バーカルチャーの発信地であり、「世界のベスト・バー50 」には毎年何軒もの店がランクインするロンドン。歴史を誇る五ツ星ホテル内のクラシックな老舗バーから、クリエイティビティあふれるミクソロジストがシェイカーを振る新進気鋭な独立系の店まで、ロンドンのバーシーンは常に多彩でエキサイティングだ。
そんな中、2025年4月上旬、日本人ミクソロジスト鳥潟彦人(とりがたげんと)氏が東ロンドンに開業した「ワルツ(Waltz)」が、メディアやバー業界の人々の熱い視線を一身に浴びている。
コンセプトは“ジャズと自然”。
「日本人であること、日本のバーテンディングの経験があることを前面に出して、ロンドンのバー市場に新しい価値を吹き込みたかった」と語る鳥潟氏。四季を通じて移り変わる自然や風景、食べ物や香りを楽しむといった、日本人が持つ季節の機微を反映し、地元イギリスやヨーロッパの旬の素材を使ってカクテルを構成しようと思ったという。特に、季節の節目を表す旧暦の言葉として日本人が元来親しんできた、「立春」や「立夏」などの二十四節気や七十二候などから、大きなインスピレーションを得ているそうだ。

例えば5月は、英国ではホワイトアスパラガスやグリーンピースが市場に出回り始める頃。

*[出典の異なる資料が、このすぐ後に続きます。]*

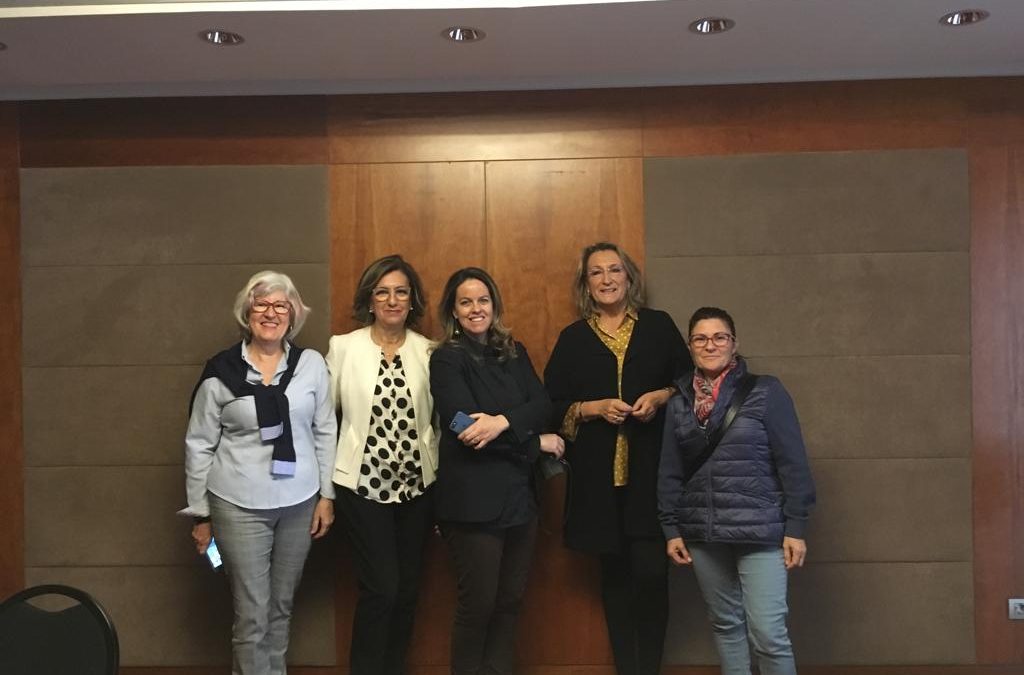 El profesional para satisfacer las necesidades de su cliente, debe anticiparse a ellas, dándole un servicio integral. Loreto Spá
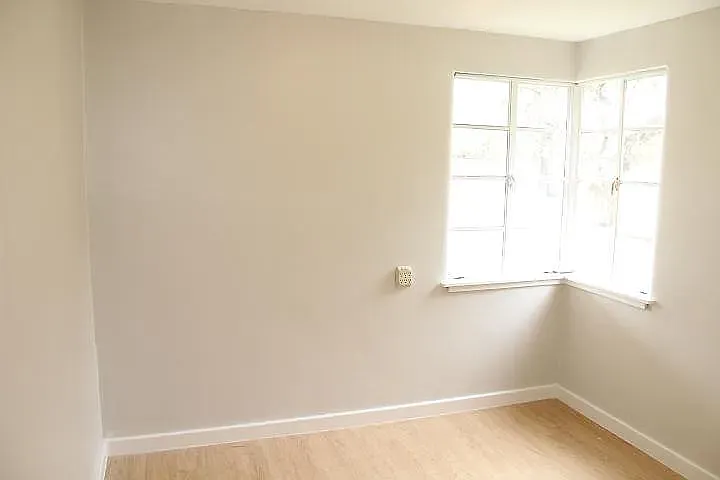 425 N Athenian St — Photo 10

「常に素材がもつナチュラルな味わいをそのまま残すよう、どうやって仕込みをするかを考えます。季節のカクテル(写真トップ)は、ウォッカにホワイトアスパラをインフューズさせ、ガーニッシュとして新鮮な生のグリーンピースを添えました。また、自宅の近所に咲く1年のうちに2週間しか花が咲かないゴース(ハリエニシダ)の花を摘み、その香りを閉じ込めた自家製コーディアル、ラム、芋焼酎・赤霧島などを使ったカクテルは、まさに今の時期しか味わえない一杯です」
メニューには、季節のオリジナルカクテル8種の他、「マッチャ・オールド・ファッション」、個性的な日本酒と塩麹と使った「ギブソン」など、エッジを効かせたクラッシックカクテルも揃う。

大学時代からジャズをこよなく愛しているという、鳥潟氏。店の名前は、氏がジャズの世界に興味を持つきっかけとなったビル・エバンスの「ワルツ・フォー・デビイ」から。楡の木を使った、全長8メートルのバーの奥に鎮座するスピーカーから流れる、奥深いジャズの音色が店内に広がる。
「ジャズの“インプロヴィゼーション(即興演奏)”は、カクテルバーに通じるものがあると思います。同じ素材を使って同じようにカクテルを作っても、カウンター越しのバーテンダーとの会話などにより、お客さんがバーで過ごす時間や空間が、その時々で変わってくる」
開業から2カ月、夕方の5時のオープン時間には、入店を待つ行列ができるという。まさにロンドンの知る人ぞ知るホットスポットだ。